Brown to Green Report 2019 

Syllabus subtopic: Development, Bio diversity, Environment, Security and Disaster Management.

News: The 2019 Brown to Green Report has been published by the Climate Transparency partnership, an international research collaboration.

  • The report is the most comprehensive review of G20 countries’ climate performance, mapping achievements and drawbacks in their efforts to reduce emissions, adapt to climate impacts and green the financial system.

For Prelims focus: Key findings of the report.

For Mains focus: Concerns and challenges and ways to address them.

Key highlights of the report:

  1. Carbon emissions from the world’s 20 biggest economies, including India, are rising.
  2. None of the G20 countries have plans that will help them achieve the target.
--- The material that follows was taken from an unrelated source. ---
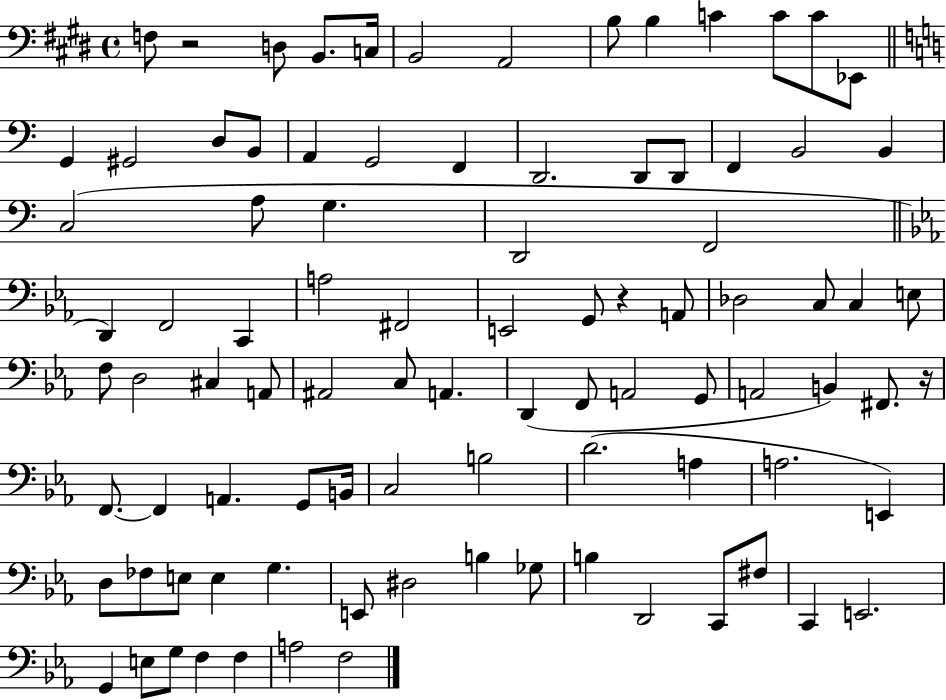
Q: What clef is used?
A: bass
Many of the current 2030 climate targets under the Paris Agreement (Nationally Determined Contributions or NDCs) are too weak, with about half of the G20 countries projected to meet or overachieve their inadequate NDCs.
  3. Energy-related carbon dioxide emissions in G20 countries shot up by 1.8 per cent in 2018 due to rising energy demand.
  4. Energy supply is not getting cleaner: despite a more than five per cent rise in G20 total renewable energy supply in 2018, the share of fossil fuels in the G20 energy mix remains at 82 per cent.
  5. While renewables now account for 25.5 per cent of power generation, this is not sufficient to outweigh the growth of emissions from fossil fuel sources.
  6. Low-carbon fuels need to increase roughly 10 times by 2050 to keep global warming below 1.5 degrees Celsius.
  7. G20 emissions in the building sector grew more than in any other sector in 2018 (4.1 per cent). Retrofitting existing buildings challenges all G20 and especially OECD countries. New buildings have to be near zero-energy by 2020-25 to keep global warming below 1.5 degrees.

India specific observations:

  • Among the G20 countries, India has the most ambitious NDC. However, it still needs real action now to prepare the different sectors for stringent emission reductions.
  • In the power, India is currently investing most in renewable energy, while Brazil and Germany are the only G20 countries with long-term renewable energy strategies.
  • India and China are among the G20 countries with the most progressive energy efficiency policies.

Need of the hour:

  1. To keep the Paris Agreement’s 1.5 degrees goal within reach, G20 countries will have to increase their 2030 emission targets by 2020 and significantly scale up mitigation, adaptation and finance over the next decade.
  2. Coal needs to be phased out by 2030 in Organisation for Economic Co-operation and Development (OECD) countries and by 2040 globally.
  3. G20 countries need to scale up their policies to ban new fossil fuel cars by 2035 at the latest, reduce emissions from freight transport to net-zero by 2050 and shift towards non-motorised and sustainable public transport.
  4. Cutting government subsidies to the aviation sector, taxing jet fuel and using revenues to invest massively in new carbon free fuels would leverage huge emissions reductions and health benefits.
  5. A coal phase-out plan is needed in Australia, China, India, Indonesia, Japan, Mexico, Russia, South Africa, Turkey and the US.